**Task item:**
Transcribe the listing underneath, keeping each word exact and omitting the images.

**Supplied data:**

────────────────────

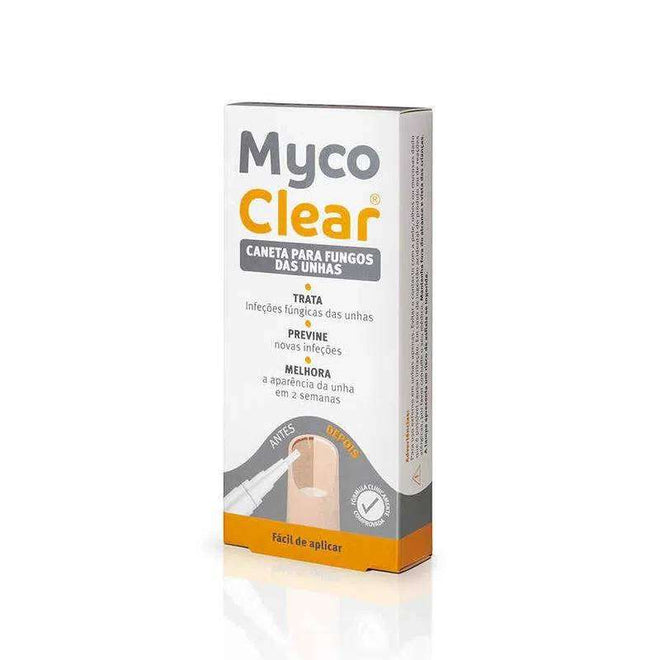 Myco Clear Caneta Fungos Unhas 4ml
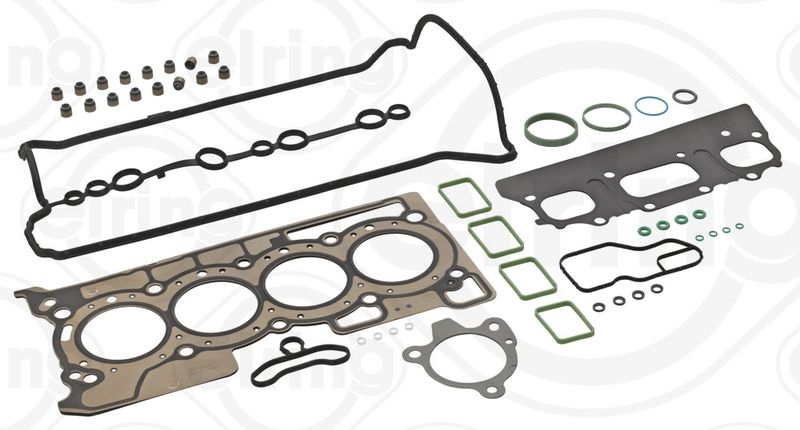 ELRING Gasket Set, cylinder head with valve stem seals 564.880  MERCEDES-BENZ,RENAULT,NISSAN,CITAN Kasten (415),Citan Kombi / Tourer (415)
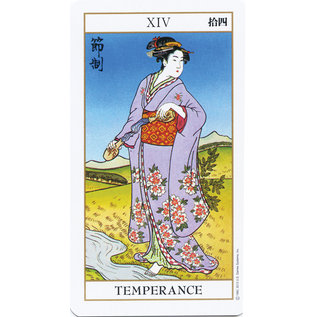 U.S. Games Systems Ukiyoe Tarot Deck - by Koji Furuta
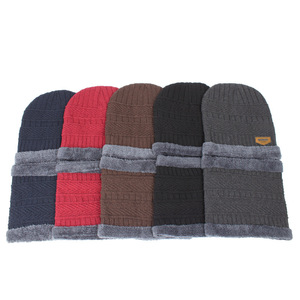 Bonnet d'hiver uni en tricot uni de haute qualité, prix d'usine, nouvelle mode d'hiver 2025, design personnalisé - Product Image 1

────────────────────

**Answer section:**
 Myco Clear Caneta Fungos Unhas 4ml
 ELRING Gasket Set, cylinder head with valve stem seals 564.880  MERCEDES-BENZ,RENAULT,NISSAN,CITAN Kasten (415),Citan Kombi / Tourer (415)
 U.S. Games Systems Ukiyoe Tarot Deck - by Koji Furuta
 Bonnet d'hiver uni en tricot uni de haute qualité, prix d'usine, nouvelle mode d'hiver 2025, design personnalisé - Product Image 1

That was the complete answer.